EXERCISE PROMPT:
All entries are to be quoted exactly; the images stay out of the copy.
####################
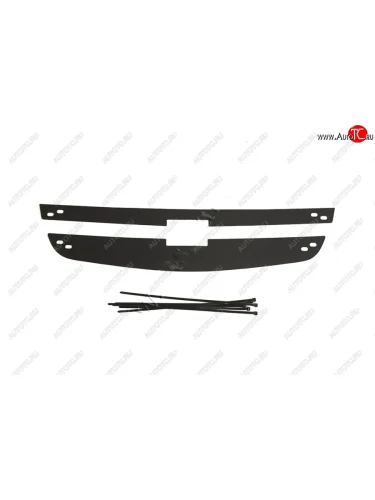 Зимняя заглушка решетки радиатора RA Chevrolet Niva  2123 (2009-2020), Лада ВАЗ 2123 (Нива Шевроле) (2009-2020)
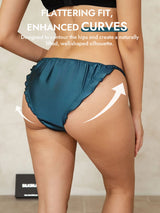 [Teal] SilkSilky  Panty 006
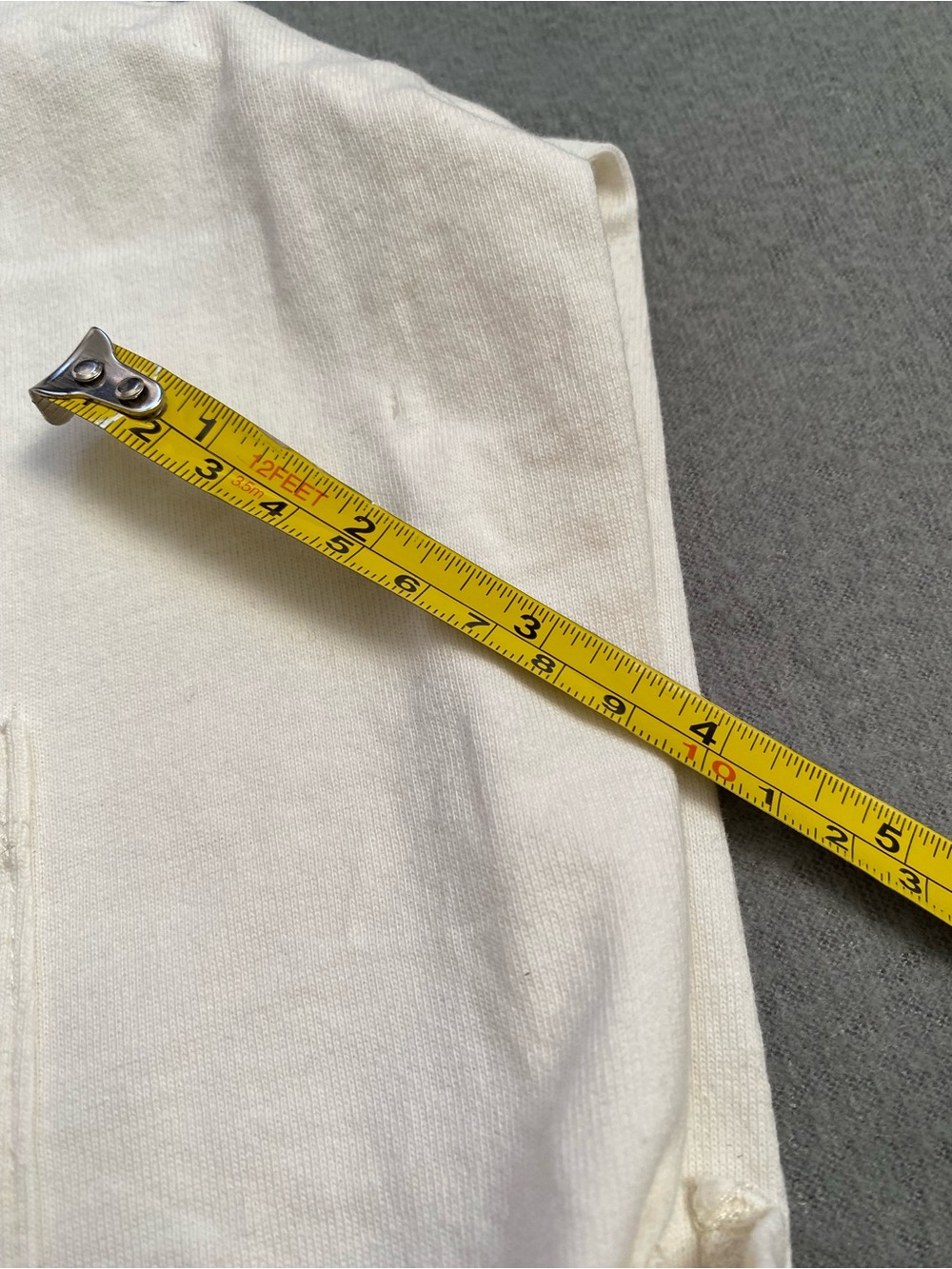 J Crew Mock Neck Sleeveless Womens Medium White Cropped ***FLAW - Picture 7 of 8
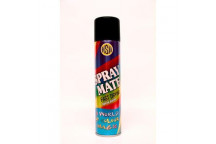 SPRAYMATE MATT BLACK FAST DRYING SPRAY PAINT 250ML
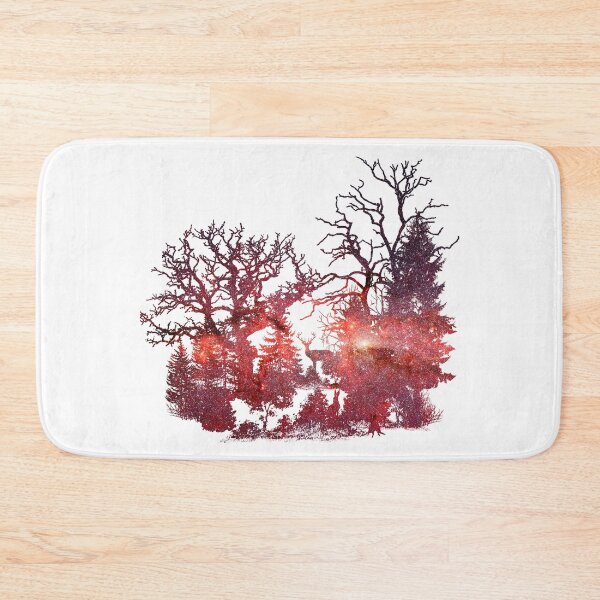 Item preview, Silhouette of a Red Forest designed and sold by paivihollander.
####################
OUTPUT OF THE EXERCISE:
 Зимняя заглушка решетки радиатора RA Chevrolet Niva  2123 (2009-2020), Лада ВАЗ 2123 (Нива Шевроле) (2009-2020)
 [Teal] SilkSilky  Panty 006
 J Crew Mock Neck Sleeveless Womens Medium White Cropped ***FLAW - Picture 7 of 8
 SPRAYMATE MATT BLACK FAST DRYING SPRAY PAINT 250ML
 Item preview, Silhouette of a Red Forest designed and sold by paivihollander.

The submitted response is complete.